Basic set-up: Leonard has decided he's going to kill himself and Asher Beal on his 18th birthday, but first he wants to give a gift to each of his four friends - a Bogart enthusiast, a Persian violin-prodigy, a home-schooled evangelical, and his teacher Herr Silverman.

This novel initially had me struggling to overcome my own assumptions and predispositions. It took me several chapters to begin to empathize with Leonard because, frankly, he's just so angry at everyone around him.
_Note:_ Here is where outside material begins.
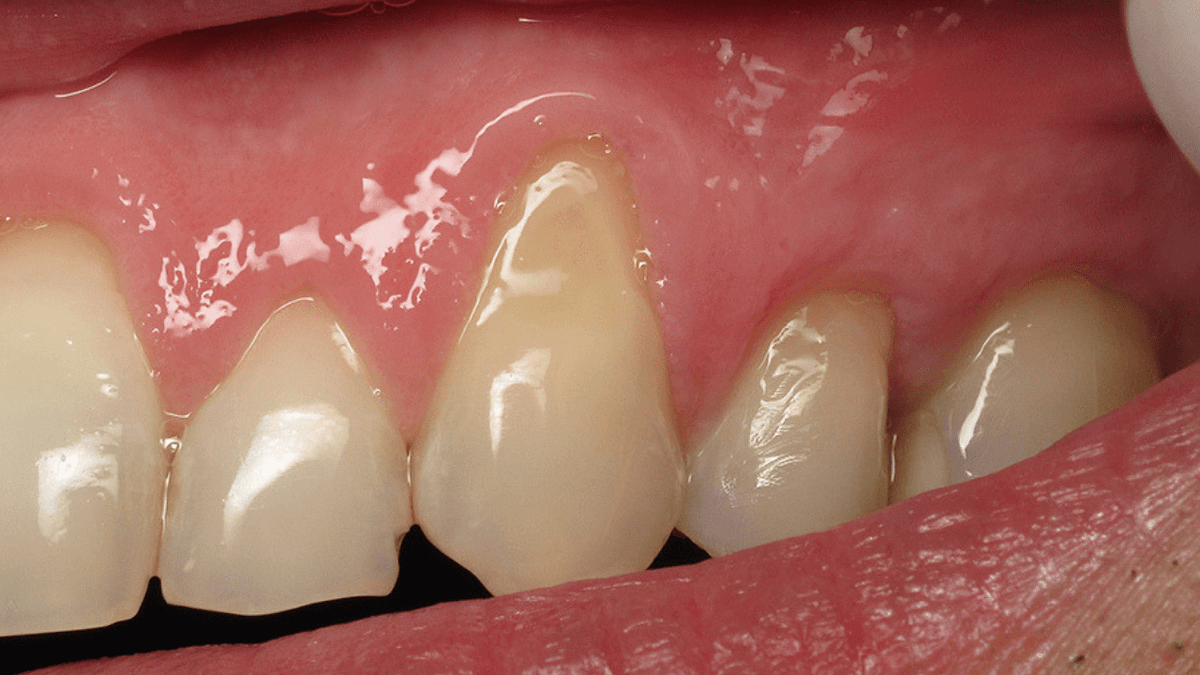 How Do You Stop Receding Gums?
Noah Galvin's narration captures a snide, angry adolescent so well that the character really grated on me as I got into the first-person narration.
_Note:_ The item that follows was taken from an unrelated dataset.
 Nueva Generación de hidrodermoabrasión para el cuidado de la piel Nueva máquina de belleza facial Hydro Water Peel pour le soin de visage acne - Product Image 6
As Leonard continues to relate his story, he includes flashbacks to how he met each of his four friends. He begins to make sense, both as a justifiably angry character, as you learn what has pushed him to the brink, and in his judgments of those around him. When he belittles his peers as sheep, mindlessly finding him strange and hating him for it, I realized I was doing the same thing as those peers. Sure, following strangers around cities (one of his pastimes) isn't ideal behavior, but his reasons are heartfelt and benign. He doesn't have strong role models, nor enough positive peer influences, to direct his curiosity into more productive channels. It's hardly entirely his fault he's ended up so bitter and destructive at 18.
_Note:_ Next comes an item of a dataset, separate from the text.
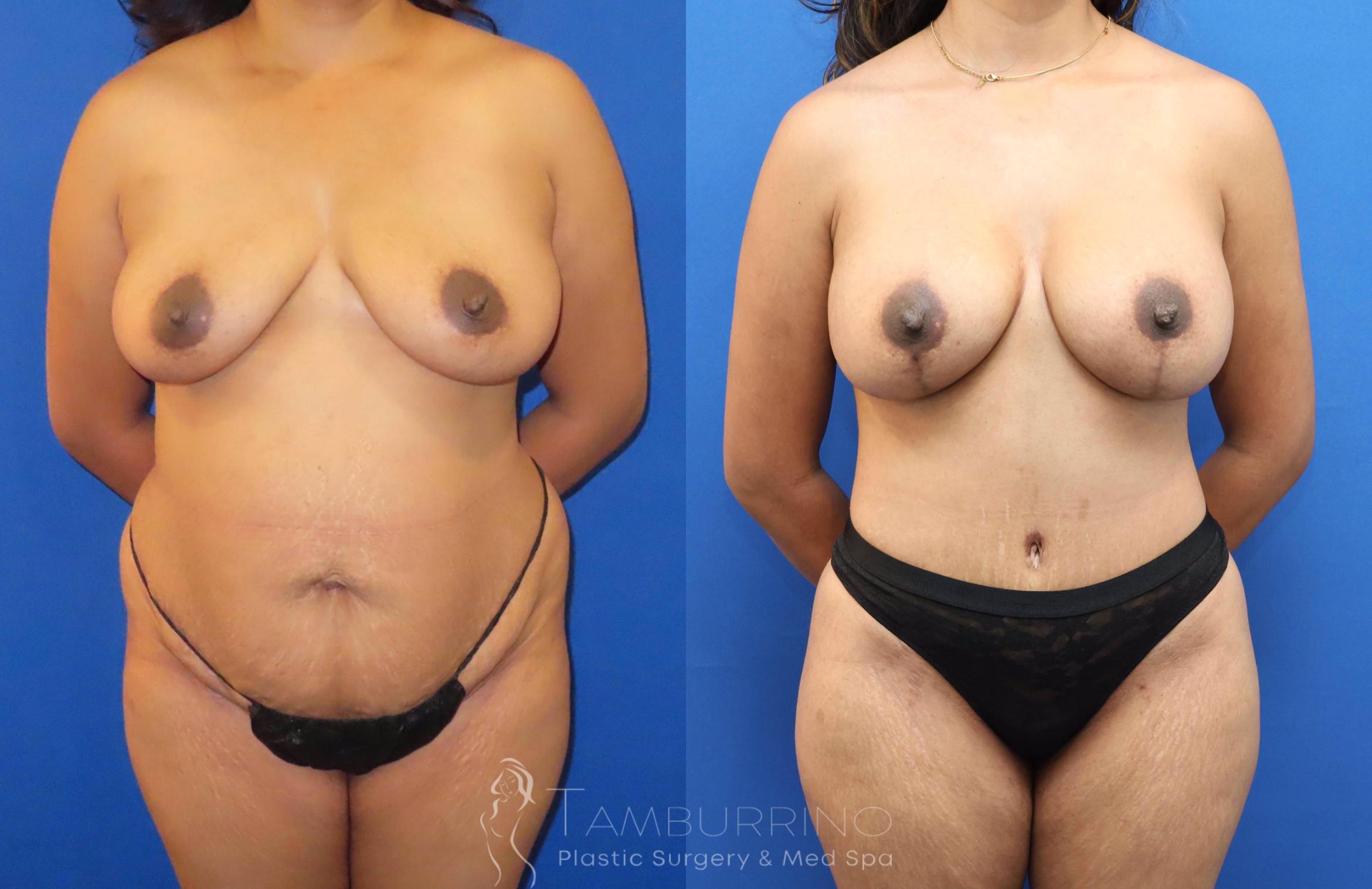 Before & After Breast Lift Case 69 Frontal View in Doylestown, PA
Galvin's audio narration captures Leonard perfectly. He's predominantly cutting and derisive, but occasionally a spark of of fear or concern breaks through. Galvin's tone shifts for these few sentences, and you believe his performance as a teenager who, while harboring deep-seated anger, is also scared and lonely. The audio narration enabled me to see beyond Leonard's anger and stick with his story to find out what motivated his utter loathing for most other people, which in turn re-shaped my opinion and understanding of him as a character.

Verdict: Affirmed. If you can stick with the novel through the opening burst of anger, it's well worth your read, and Leonard is well worth your empathy. Thanks SYNC for another great pick!

"Forgive Me, Leonard Peacock" by Matthew Quick, published by Little, Brown Books for Young Readers on August 13, 2013. Audio narrated by Noah Galvin, published by Hachette Audio on August 13, 2013.